As a backstop, I’ve ordered some Sarpo Mira and Sarpo Kifli potatoes from Thompson & Morgan which are blight resistant. I’ve also ordered some Setanta from Marshalls which is a new variety supposed to be even better than Sarpo. Well, we’ll see so long as I get the raised beds sorted before planting time!
After a promising start, it managed to cloud over and the wind picked up a bit. One of those lazy winds that goes through you rather than around you. The clouds threatened rain so went onto moving logs from the orchard into the wood store. Ash has a reputation as the best fire wood you can have, you’re even supposed to be able to burn it green. However, as with all wood, the dryer the better for burning. It’s about 30 to 35% on the moisture meter and the ideal is 20%
Actually I could have done with logging the ash a couple of months ago, I’m running down on seasoned wood for the stove and it would be a shame to have to buy in some logs when we’ve so much green wood around the place.
Missing Cat Home!!
I rang Freshfields animal rescue this morning and spoke to Lesley Tarleton who founded the charity. She was so sympathetic and genuine.
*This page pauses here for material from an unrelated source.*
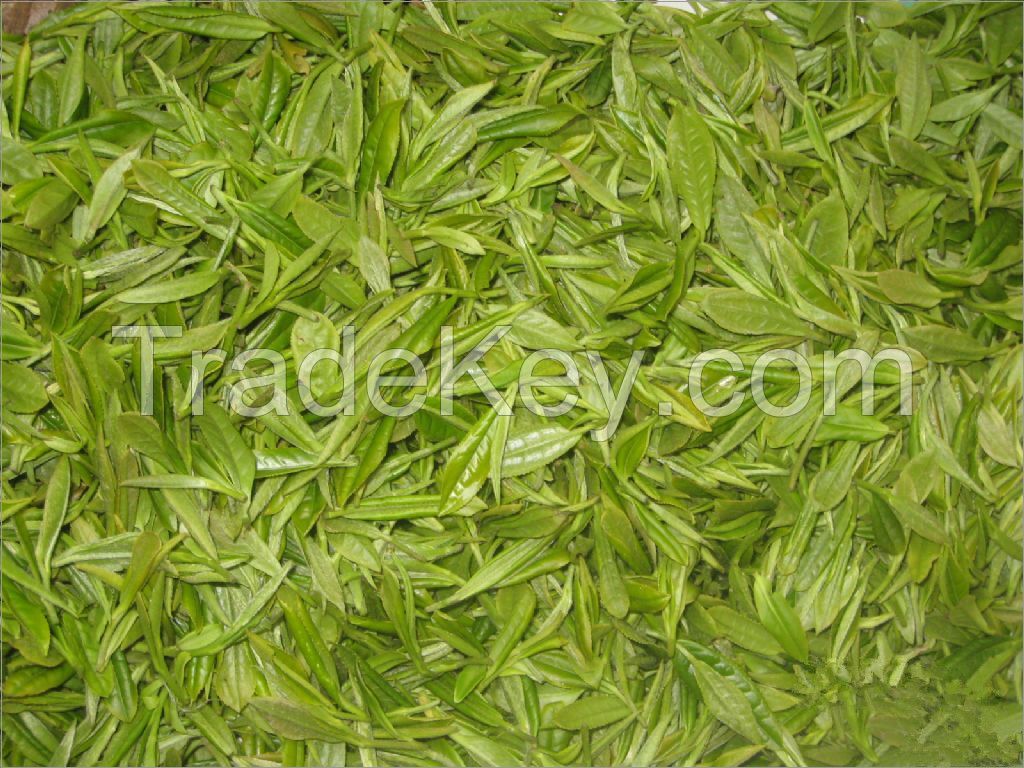 Rizhao Green Tea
I’ve met some charity people who seem to be in it for their ego but Lesley is in it for the animals. She offered to try and get the story in the local paper for us to help. So I spent the morning sorting out photos and putting together quotes that they might use about how we were missing her.
Then this evening she just walked in as if nothing had happened. Not even very hungry despite me opening a tin of Gourmet – the really good stuff and only for treats or poorly cats. She took a quick wander around the house and settled in to sleep by the fire. We’re so relieved and happy.